**Work task**
Leaving out the pictures, print exactly the lines from the one holding "Зеркало Калипсо" to the last line of the entries below, both included, and nothing more.

**The data**
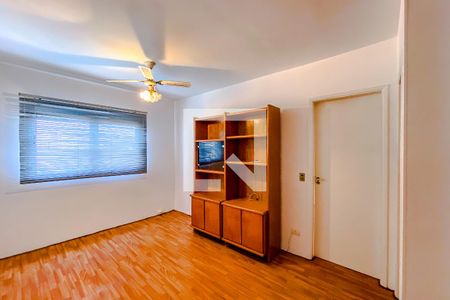 Sala de apartamento à venda com 1 quarto, 62m² em Vila Prudente, São Paulo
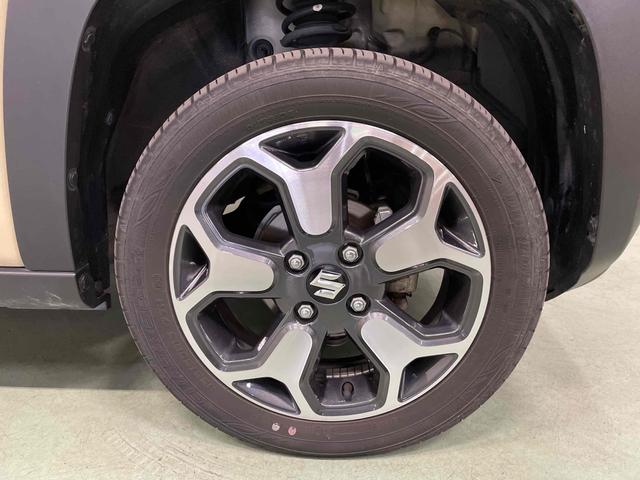 ハスラー JスタイルII ドライブレコーダー ETC バックカメラ ナビ クリアランスソナー オートクルーズコントロール レーンアシスト 衝突被害軽減システム オートライト LEDヘッドランプ ヘッドライトウォッシャー(27枚目)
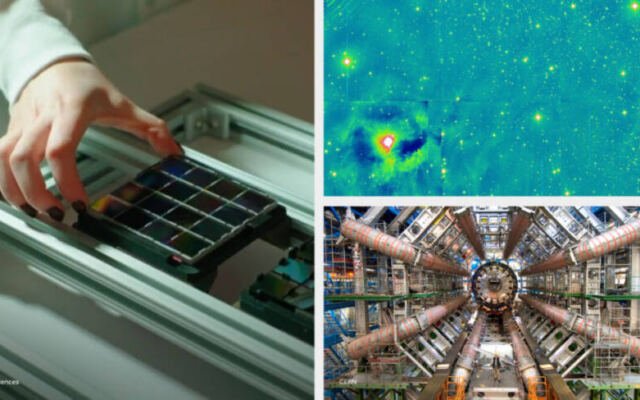 From Materials Simulation to Experimental Astronomy, New NVIDIA AI Software Unlocks Scientific…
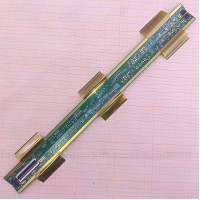 Планки матрицы 32" 31T14-S03 XR, 31T14-S02 XL, T315HW07 V7 T315HW07 V6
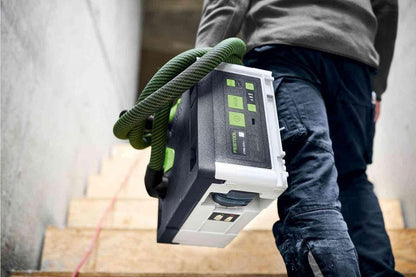 FESTOOL 18V 4.5L MCLASS Dust Extractor 576942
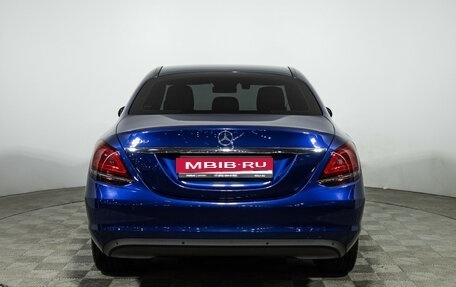 Mercedes-Benz C-Класс, 2019 год, 2 699 700 рублей, 6 фотография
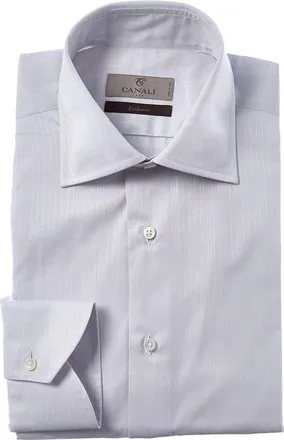 Canali Dress Shirt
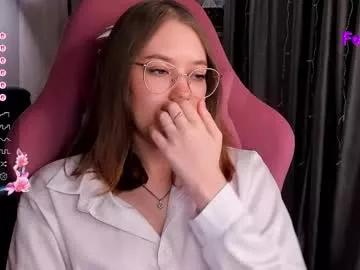 bubble_bunny from Chaturbate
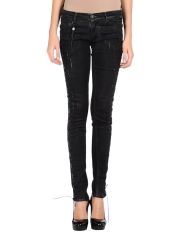 SHIELD - Denim trousers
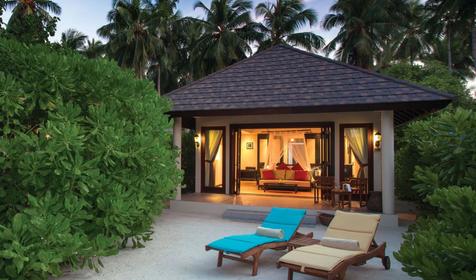 Sunset Beach Villa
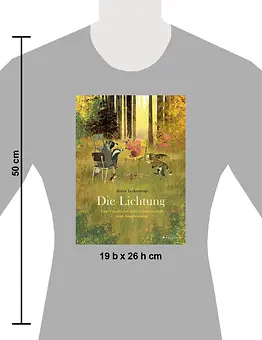 torso_7684_D_Teckentrup_Die Lichtung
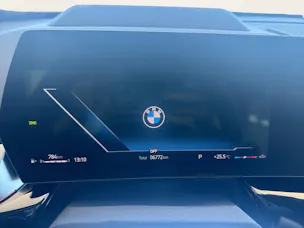 BMW X1 xDr23i 48V M Sport Pro
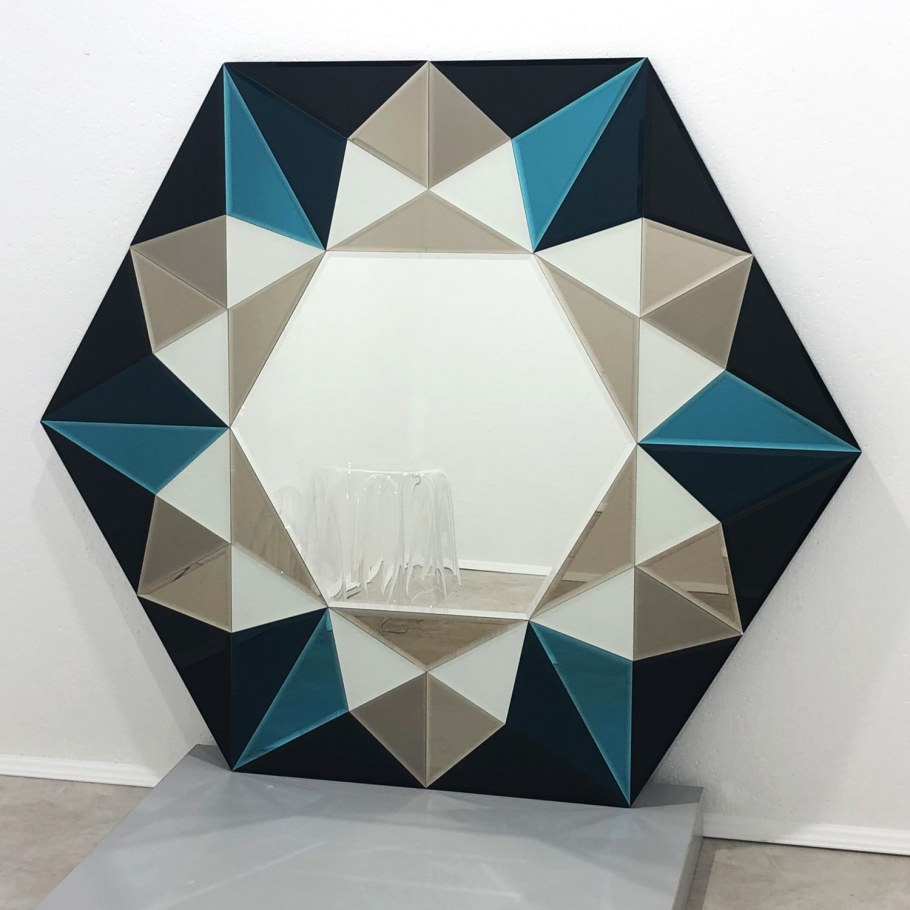 Зеркало Калипсо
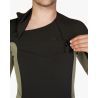 Billabong 4/3mm Absolute Chest Zip GBS - Traje de neopreno de surf - Hombre | Hardloop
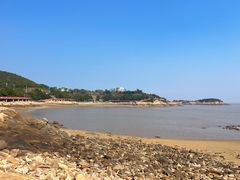-宁波松兰山滨海旅游度假区
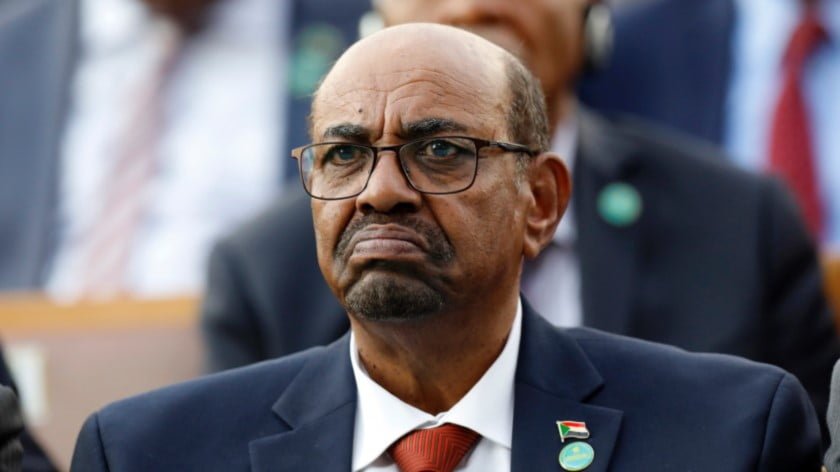 Sudan’s State of Emergency Might Herald a “Phased Leadership Transition”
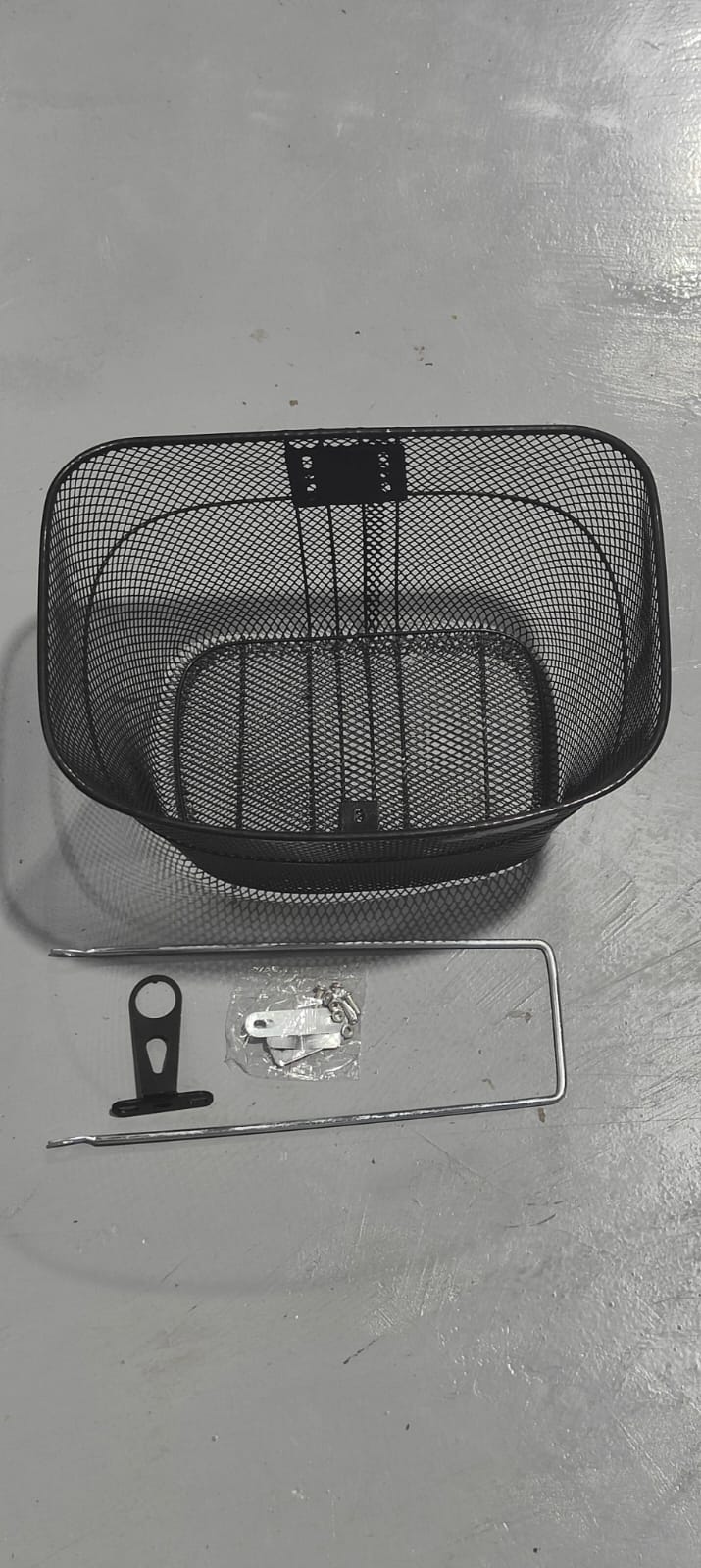 16* 18* 20* Bicycle Front Basket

**Written response**
 Зеркало Калипсо
 Billabong 4/3mm Absolute Chest Zip GBS - Traje de neopreno de surf - Hombre | Hardloop
-宁波松兰山滨海旅游度假区
 Sudan’s State of Emergency Might Herald a “Phased Leadership Transition”
 16* 18* 20* Bicycle Front Basket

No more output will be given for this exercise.